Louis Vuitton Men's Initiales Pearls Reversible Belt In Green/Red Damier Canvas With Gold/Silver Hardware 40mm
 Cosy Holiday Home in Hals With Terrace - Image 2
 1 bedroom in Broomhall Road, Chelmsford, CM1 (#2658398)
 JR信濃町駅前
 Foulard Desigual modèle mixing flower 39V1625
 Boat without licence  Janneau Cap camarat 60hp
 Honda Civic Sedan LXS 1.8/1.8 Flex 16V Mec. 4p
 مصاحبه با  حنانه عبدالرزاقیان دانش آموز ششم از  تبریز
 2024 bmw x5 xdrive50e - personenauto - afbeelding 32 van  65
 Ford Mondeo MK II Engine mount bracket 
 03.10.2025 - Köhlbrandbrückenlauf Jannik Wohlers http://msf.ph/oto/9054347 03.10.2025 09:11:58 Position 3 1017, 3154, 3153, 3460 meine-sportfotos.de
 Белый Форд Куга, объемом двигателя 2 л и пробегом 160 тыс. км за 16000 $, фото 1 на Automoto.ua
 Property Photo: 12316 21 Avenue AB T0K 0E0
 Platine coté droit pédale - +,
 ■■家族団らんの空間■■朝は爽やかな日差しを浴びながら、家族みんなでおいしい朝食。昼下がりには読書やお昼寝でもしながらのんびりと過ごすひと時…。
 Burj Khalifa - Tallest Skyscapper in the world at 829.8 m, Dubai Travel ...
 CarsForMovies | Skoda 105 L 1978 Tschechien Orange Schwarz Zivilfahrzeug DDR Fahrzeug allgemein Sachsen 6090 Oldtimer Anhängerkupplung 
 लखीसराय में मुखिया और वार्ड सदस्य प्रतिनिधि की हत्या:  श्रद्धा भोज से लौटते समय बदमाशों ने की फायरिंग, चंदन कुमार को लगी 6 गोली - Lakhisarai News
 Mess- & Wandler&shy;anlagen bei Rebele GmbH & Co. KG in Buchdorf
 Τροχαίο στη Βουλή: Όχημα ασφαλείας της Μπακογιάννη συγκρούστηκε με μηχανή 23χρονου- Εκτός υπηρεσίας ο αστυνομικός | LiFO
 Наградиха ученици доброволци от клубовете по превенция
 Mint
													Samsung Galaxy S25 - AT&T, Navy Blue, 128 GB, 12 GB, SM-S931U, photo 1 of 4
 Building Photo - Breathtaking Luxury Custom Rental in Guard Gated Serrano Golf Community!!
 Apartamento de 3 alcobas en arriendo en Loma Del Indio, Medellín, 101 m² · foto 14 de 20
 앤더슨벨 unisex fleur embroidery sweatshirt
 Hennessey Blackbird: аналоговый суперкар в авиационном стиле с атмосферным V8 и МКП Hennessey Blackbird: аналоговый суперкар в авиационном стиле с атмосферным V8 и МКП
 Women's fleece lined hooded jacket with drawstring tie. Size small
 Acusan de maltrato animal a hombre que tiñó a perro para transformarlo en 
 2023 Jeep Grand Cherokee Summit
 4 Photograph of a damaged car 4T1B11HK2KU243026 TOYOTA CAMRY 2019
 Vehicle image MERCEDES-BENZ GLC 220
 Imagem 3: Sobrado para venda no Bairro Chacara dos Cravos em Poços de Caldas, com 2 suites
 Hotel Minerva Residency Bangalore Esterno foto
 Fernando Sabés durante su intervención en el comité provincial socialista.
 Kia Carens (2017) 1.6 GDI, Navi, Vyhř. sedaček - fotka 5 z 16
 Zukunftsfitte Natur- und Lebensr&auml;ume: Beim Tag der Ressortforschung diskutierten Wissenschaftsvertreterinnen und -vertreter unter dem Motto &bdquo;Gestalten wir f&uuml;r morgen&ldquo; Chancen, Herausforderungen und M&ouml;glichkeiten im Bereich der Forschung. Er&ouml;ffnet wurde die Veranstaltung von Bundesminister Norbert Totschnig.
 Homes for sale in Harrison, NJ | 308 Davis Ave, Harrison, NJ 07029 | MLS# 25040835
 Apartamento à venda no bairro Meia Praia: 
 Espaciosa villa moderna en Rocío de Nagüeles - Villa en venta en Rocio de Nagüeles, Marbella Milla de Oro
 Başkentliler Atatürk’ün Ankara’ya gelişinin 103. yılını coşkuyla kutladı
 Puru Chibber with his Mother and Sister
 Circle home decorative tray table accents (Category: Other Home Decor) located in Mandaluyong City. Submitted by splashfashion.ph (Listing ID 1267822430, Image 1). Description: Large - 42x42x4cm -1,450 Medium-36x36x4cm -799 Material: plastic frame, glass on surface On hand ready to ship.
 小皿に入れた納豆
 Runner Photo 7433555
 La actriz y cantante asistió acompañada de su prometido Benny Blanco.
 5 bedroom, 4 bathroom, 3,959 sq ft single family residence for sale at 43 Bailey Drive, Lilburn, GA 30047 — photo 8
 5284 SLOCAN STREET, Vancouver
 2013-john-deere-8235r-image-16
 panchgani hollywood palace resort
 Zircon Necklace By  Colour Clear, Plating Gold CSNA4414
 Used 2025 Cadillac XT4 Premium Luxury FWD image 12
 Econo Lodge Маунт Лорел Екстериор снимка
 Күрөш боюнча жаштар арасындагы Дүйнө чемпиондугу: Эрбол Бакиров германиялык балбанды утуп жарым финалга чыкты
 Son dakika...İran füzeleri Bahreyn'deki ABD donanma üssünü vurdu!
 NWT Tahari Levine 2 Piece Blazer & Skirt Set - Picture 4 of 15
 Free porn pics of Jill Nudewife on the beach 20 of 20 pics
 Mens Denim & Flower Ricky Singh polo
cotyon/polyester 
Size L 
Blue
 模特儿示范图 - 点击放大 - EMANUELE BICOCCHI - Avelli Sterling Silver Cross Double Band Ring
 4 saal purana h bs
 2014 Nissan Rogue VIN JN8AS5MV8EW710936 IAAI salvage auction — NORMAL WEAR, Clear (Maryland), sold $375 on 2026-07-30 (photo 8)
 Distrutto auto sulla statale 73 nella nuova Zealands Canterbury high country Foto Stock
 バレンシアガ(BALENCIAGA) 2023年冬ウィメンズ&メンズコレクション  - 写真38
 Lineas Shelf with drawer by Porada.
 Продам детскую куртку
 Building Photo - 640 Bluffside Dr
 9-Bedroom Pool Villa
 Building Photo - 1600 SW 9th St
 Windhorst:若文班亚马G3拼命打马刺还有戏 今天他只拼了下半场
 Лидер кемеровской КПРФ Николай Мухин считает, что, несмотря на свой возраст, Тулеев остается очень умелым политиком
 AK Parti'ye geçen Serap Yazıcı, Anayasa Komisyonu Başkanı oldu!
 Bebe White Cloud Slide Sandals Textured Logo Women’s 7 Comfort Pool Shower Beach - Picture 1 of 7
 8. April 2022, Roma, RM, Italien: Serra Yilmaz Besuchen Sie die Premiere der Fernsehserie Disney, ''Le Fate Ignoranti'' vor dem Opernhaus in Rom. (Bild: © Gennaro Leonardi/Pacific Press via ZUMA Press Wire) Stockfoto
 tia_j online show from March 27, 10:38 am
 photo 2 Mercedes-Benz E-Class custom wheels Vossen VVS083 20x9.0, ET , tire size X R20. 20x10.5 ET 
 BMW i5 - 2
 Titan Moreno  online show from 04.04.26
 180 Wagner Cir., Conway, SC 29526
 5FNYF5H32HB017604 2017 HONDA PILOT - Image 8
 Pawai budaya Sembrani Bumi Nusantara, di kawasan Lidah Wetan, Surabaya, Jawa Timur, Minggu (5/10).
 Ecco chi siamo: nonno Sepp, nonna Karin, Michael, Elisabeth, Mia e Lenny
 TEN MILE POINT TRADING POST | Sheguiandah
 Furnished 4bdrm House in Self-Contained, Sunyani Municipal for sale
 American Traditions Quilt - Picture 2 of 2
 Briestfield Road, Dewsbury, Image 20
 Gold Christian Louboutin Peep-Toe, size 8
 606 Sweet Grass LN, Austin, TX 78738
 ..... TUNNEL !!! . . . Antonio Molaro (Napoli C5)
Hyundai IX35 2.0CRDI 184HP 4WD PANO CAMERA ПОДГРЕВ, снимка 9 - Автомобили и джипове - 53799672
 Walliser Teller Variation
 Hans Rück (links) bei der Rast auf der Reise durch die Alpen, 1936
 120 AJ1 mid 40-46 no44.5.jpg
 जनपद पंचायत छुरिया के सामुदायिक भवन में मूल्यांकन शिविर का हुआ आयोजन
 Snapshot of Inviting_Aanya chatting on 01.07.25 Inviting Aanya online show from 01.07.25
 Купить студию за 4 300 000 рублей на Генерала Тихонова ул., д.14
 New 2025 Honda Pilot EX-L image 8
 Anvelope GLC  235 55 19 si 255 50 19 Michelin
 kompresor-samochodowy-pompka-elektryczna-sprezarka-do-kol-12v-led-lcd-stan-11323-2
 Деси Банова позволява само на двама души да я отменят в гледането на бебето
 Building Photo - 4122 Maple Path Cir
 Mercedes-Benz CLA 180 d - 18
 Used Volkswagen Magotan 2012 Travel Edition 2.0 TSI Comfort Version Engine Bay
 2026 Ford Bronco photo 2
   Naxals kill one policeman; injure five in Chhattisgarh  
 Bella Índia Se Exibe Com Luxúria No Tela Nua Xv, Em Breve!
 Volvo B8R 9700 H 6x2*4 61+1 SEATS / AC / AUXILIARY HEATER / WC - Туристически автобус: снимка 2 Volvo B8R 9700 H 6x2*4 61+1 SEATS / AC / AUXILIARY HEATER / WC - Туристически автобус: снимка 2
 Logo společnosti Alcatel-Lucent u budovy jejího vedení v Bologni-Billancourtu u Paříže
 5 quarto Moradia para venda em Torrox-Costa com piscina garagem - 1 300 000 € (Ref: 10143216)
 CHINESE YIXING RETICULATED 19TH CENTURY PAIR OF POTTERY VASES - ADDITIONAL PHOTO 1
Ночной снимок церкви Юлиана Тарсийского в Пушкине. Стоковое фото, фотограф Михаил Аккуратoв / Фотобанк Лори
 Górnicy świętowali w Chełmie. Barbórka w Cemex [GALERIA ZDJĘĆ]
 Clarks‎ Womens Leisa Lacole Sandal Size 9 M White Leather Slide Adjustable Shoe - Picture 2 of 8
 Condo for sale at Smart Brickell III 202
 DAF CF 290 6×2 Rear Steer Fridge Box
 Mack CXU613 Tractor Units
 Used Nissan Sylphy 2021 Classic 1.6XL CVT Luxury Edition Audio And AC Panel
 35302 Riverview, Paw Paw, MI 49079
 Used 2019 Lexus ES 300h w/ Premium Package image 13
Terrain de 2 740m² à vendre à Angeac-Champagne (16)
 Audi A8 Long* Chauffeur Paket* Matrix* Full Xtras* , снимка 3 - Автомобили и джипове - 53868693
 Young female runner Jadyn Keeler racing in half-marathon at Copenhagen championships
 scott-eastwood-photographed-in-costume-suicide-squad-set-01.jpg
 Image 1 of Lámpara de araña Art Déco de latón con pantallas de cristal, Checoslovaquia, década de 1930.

============

◆ **PROBLEM STATEMENT**
From the entries above, return exactly the line containing "2013-john-deere-8235r-image-16", the line containing "5FNYF5H32HB017604 2017 HONDA PILOT - Image 8", and all lines between, and nothing else.

◆ **ANSWER TO THIS EXERCISE**
 2013-john-deere-8235r-image-16
 panchgani hollywood palace resort
 Zircon Necklace By  Colour Clear, Plating Gold CSNA4414
 Used 2025 Cadillac XT4 Premium Luxury FWD image 12
 Econo Lodge Маунт Лорел Екстериор снимка
 Күрөш боюнча жаштар арасындагы Дүйнө чемпиондугу: Эрбол Бакиров германиялык балбанды утуп жарым финалга чыкты
 Son dakika...İran füzeleri Bahreyn'deki ABD donanma üssünü vurdu!
 NWT Tahari Levine 2 Piece Blazer & Skirt Set - Picture 4 of 15
 Free porn pics of Jill Nudewife on the beach 20 of 20 pics
 Mens Denim & Flower Ricky Singh polo
cotyon/polyester 
Size L 
Blue
 模特儿示范图 - 点击放大 - EMANUELE BICOCCHI - Avelli Sterling Silver Cross Double Band Ring
 4 saal purana h bs
 2014 Nissan Rogue VIN JN8AS5MV8EW710936 IAAI salvage auction — NORMAL WEAR, Clear (Maryland), sold $375 on 2026-07-30 (photo 8)
 Distrutto auto sulla statale 73 nella nuova Zealands Canterbury high country Foto Stock
 バレンシアガ(BALENCIAGA) 2023年冬ウィメンズ&メンズコレクション  - 写真38
 Lineas Shelf with drawer by Porada.
 Продам детскую куртку
 Building Photo - 640 Bluffside Dr
 9-Bedroom Pool Villa
 Building Photo - 1600 SW 9th St
 Windhorst:若文班亚马G3拼命打马刺还有戏 今天他只拼了下半场
 Лидер кемеровской КПРФ Николай Мухин считает, что, несмотря на свой возраст, Тулеев остается очень умелым политиком
 AK Parti'ye geçen Serap Yazıcı, Anayasa Komisyonu Başkanı oldu!
 Bebe White Cloud Slide Sandals Textured Logo Women’s 7 Comfort Pool Shower Beach - Picture 1 of 7
 8. April 2022, Roma, RM, Italien: Serra Yilmaz Besuchen Sie die Premiere der Fernsehserie Disney, ''Le Fate Ignoranti'' vor dem Opernhaus in Rom. (Bild: © Gennaro Leonardi/Pacific Press via ZUMA Press Wire) Stockfoto
 tia_j online show from March 27, 10:38 am
 photo 2 Mercedes-Benz E-Class custom wheels Vossen VVS083 20x9.0, ET , tire size X R20. 20x10.5 ET 
 BMW i5 - 2
 Titan Moreno  online show from 04.04.26
 180 Wagner Cir., Conway, SC 29526
 5FNYF5H32HB017604 2017 HONDA PILOT - Image 8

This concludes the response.